The museum proposes to excavate the entire central part of the existing Wildlife Garden, felling trees and translocating other trees and plants. Two existing ponds would be drained and a new sunken round pond dug only meters away. This area would be replaced with concrete terraces and smaller thematic planting areas to provide easier visitor access to the Darwin centre. Unfortunately, the museum is suggesting that an increase in planted area across the whole site will somehow be enough to offset the massive decrease in recorded biodiversity incurred by the excavation of the established and complex mosaic of habitats in the existing garden. This plan is based on theoretical data and has not been supported by a full Ecological Impact Assessment.
The wildlife garden is a highly regarded and award winning assemblage of British lowland habitats which was designed by Museum scientists and ecologists in 1995 and has thrived since, maturing into an exceptional and well recorded haven for wildlife. It is the only ‘living’ public gallery in the entire museum and supports the museum’s strategy for championing the conservation of UK biodiversity. It is also a borough Site of Nature Conservation Importance and since its creation, nearly 3,000 species of plants, invertebrates, fungi, reptiles, mammals and birds have been recorded in the one acre site, including 28 Notable and 7 Red Data Book species.

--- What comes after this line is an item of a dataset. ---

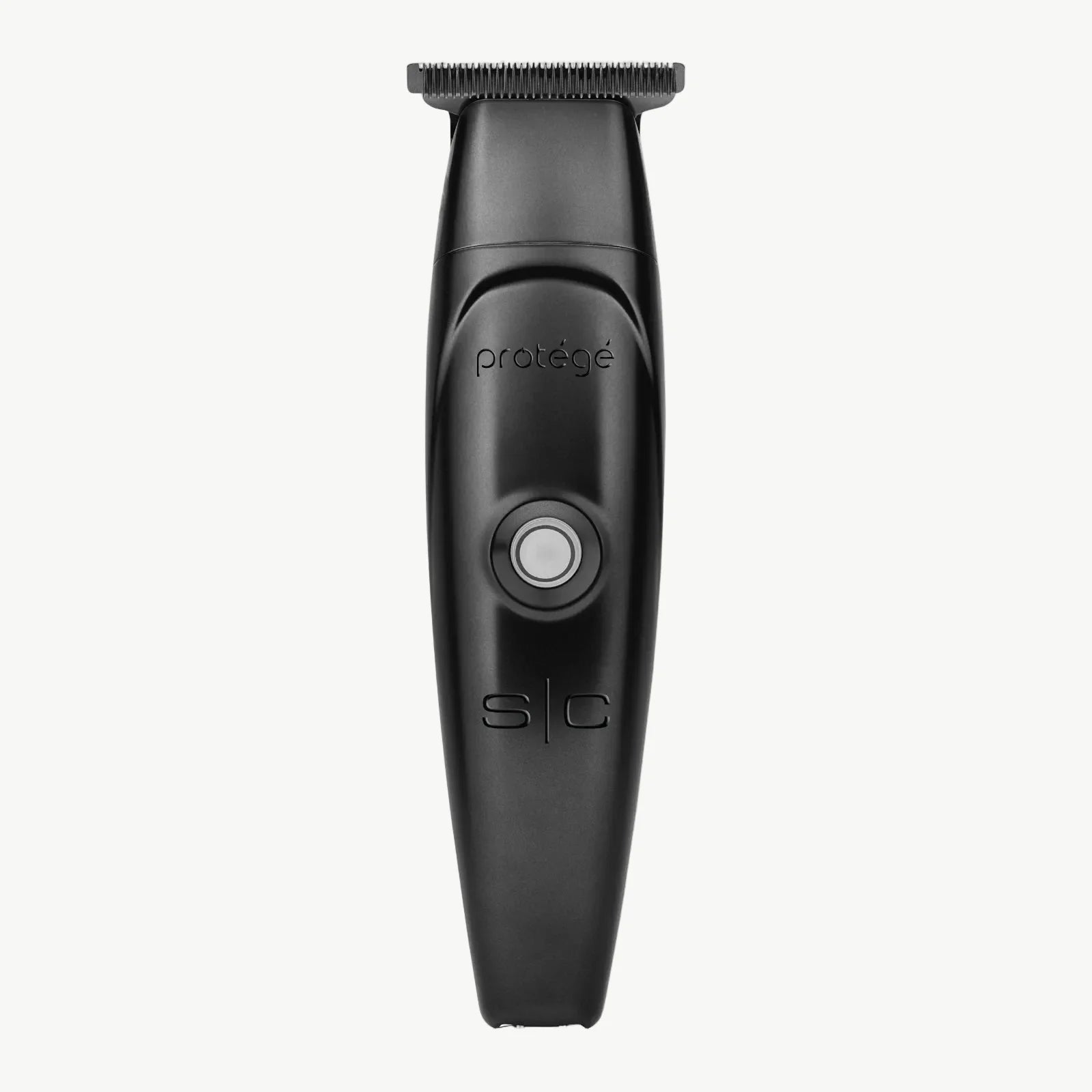 StyleCraft Protégé Professional Hair Trimmer – Professional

Although the museum has suggested that this is the only possible plan to achieve all of its objectives (for visitor access and public engagement) there is clearly an opportunity to rethink this part of the design and dispense of the currently fashionable sweeping terraces that are the trademark of the designer. Clearly the museum has to respond to the pressures of its huge visitor numbers, and no part of the museum should be immune to change, but with some sensitive and creative thinking it should not be too difficult to devise a less destructive design for the Western Grounds.